Ex-Citicorp Credit Pro Brings Strong Credentials to Fleet
Peter C. Fitts' appointment to be credit czar at Fleet/Norstar Financial Group Inc. reflects the company's movement into the upper echelons of U.S. banking.
"In July, the Bank of New England deal will make Fleet almost as large as a money-center, and they need an entirely new layer of management," said Gerard Cassidy, an analyst for Tucker, Anthony in Portland, Maine.
Mr. Fitts, 50, spent 26 years at Citicorp in commercial lending and managing problem credits. He most recently oversaw credit administration in the company's North American banking units. His wide background includes negotiations during the Chrysler bailout and the International Harvester workout.
At Fleet, he will be responsible for administration and will oversee credit quality, portfolio management, and appraisals at commercial banking units in New England and New York. His mandate is to create a corporate umbrella for credit control as the Rhode Island company expands.
With the acquisition of the failed Bank of New England franchise, Fleet will add $14 billion in assets, becoming a $46 billion-asset powerhouse.
Though Fleet has undisputed leadership in its region, it must fight to stay profitable in New England's recessionary climate. Tight control of lending practices will be crucial to not becoming an unwieldy giant, analysts say.
The post of credit chief was created partly to ease government pressure on Fleet, which despite its relative health signed an agreement last year with regulators to tighten lending standards at several New England subsidiaries. Mr. Fitts will also have a hand in maintaining and selling $5 billion in bad assets of Bank of New England, which Fleet will manage for the government.
A garrulous dealmaker and workout specialist, Mr. Fitts joined the European banking group of Citicorp as a credit analyst.

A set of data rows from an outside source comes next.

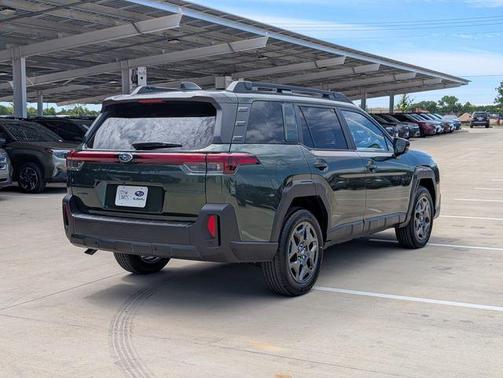 Deep Emerald Green 2026 Subaru Outback Premium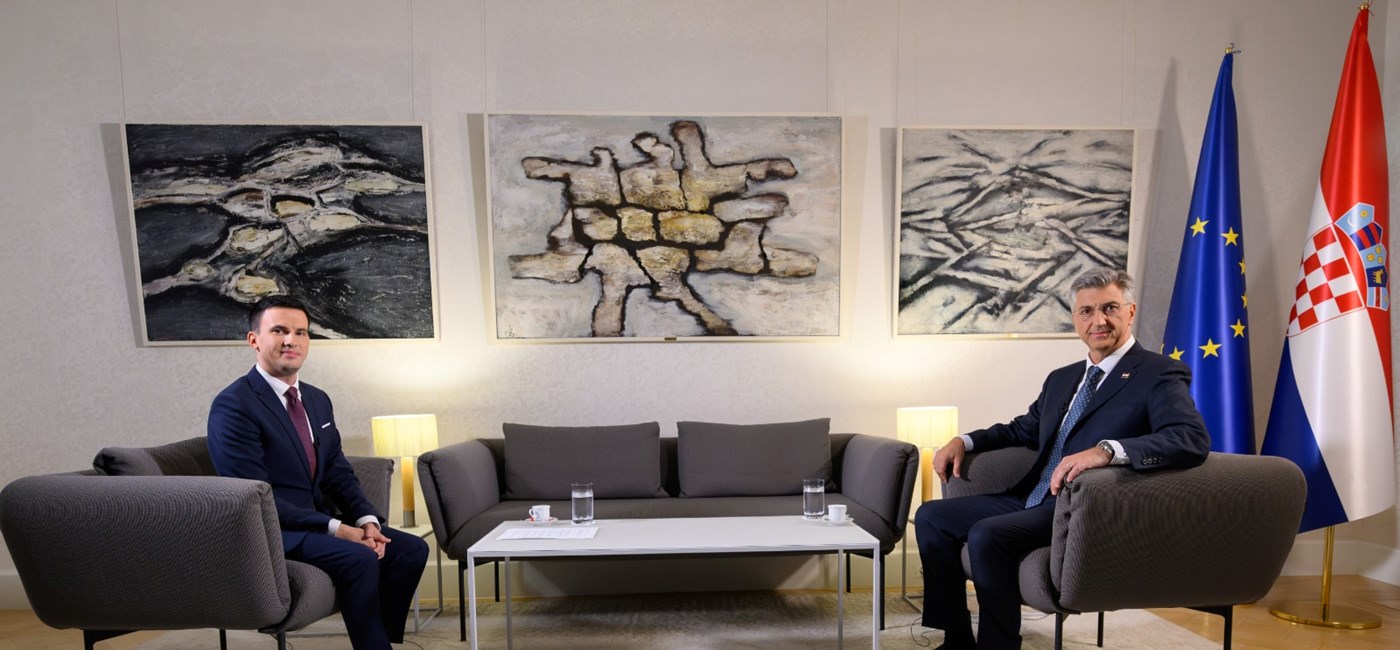 Vlada je tu da Hrvatska ne bi bila izolirana, nego za stolom sa svojim saveznicima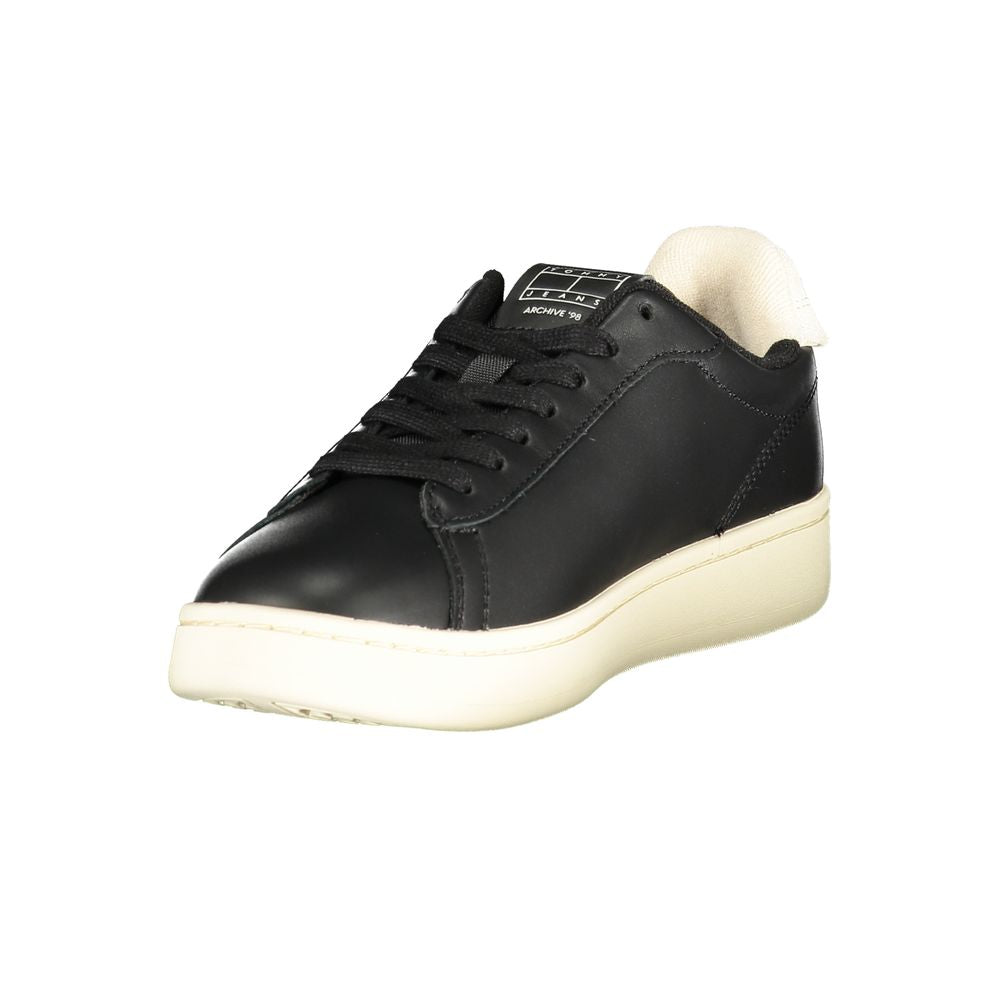Sneakers by Tommy Hilfiger for women in polyester polyethylene leather black features an sumptuous silhouette, showcasing the premium Women's Low-Top Polyester Polyethylene Leather Sneakers in a sumptuous low-top style that offers a sumptuous finish for refined style.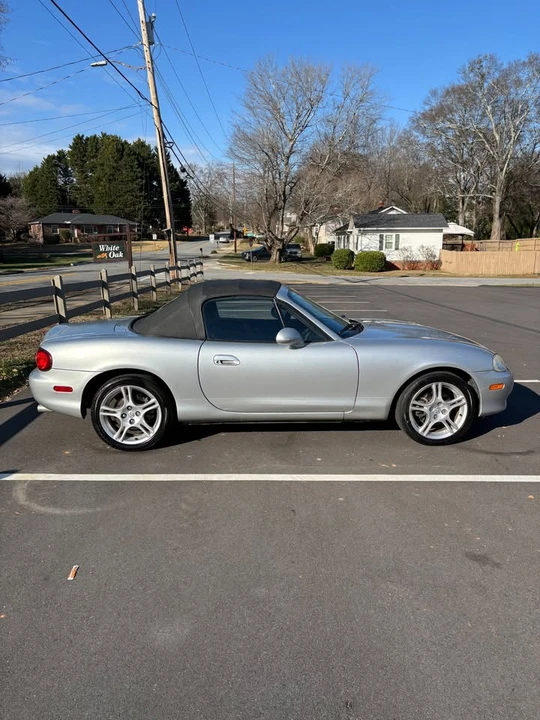2004 Mazda NB MX-5 Miata - Image 4 of 7
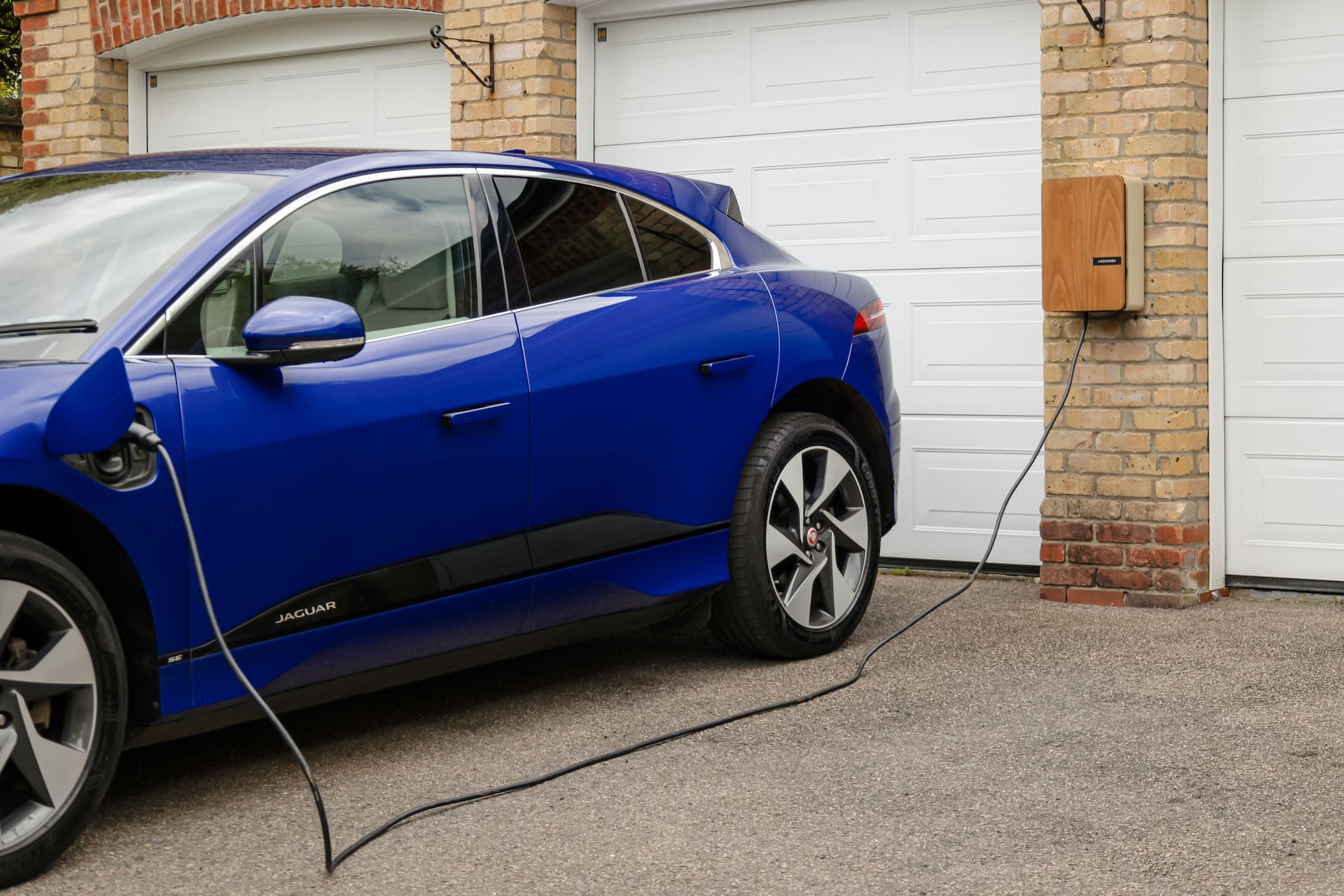 Confronto tra ibridi elettrici e benzina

He transferred to the domestic operation, Citicorp Leasing, in 1974, and was made head of the unit a year later.
A Top Workout Specialist
He became head of institutional recovery management for Citibank's worldwide workout unit in 1979 and head of credit policy for the North American investment group in 1985.
Mr. Fitts had a hand in many of the major loan workout efforts at Citibank, including publicized deals to save Mattell Toy Co. and International Harvester from bankruptcy in the early 1980s.
"The name of the game [in workouts] is not to go into a bankruptcy," he says. "You have to end up with enough of the core company remaining to work your way out of the problems. Basically, you do anything you can to avoid a hard landing."
In the 1978 government bailout of Chrysler, he looked after Citibank's interests, sitting across the table from Lee Iacocca. It was a character-building episode, Mr. Fitts says.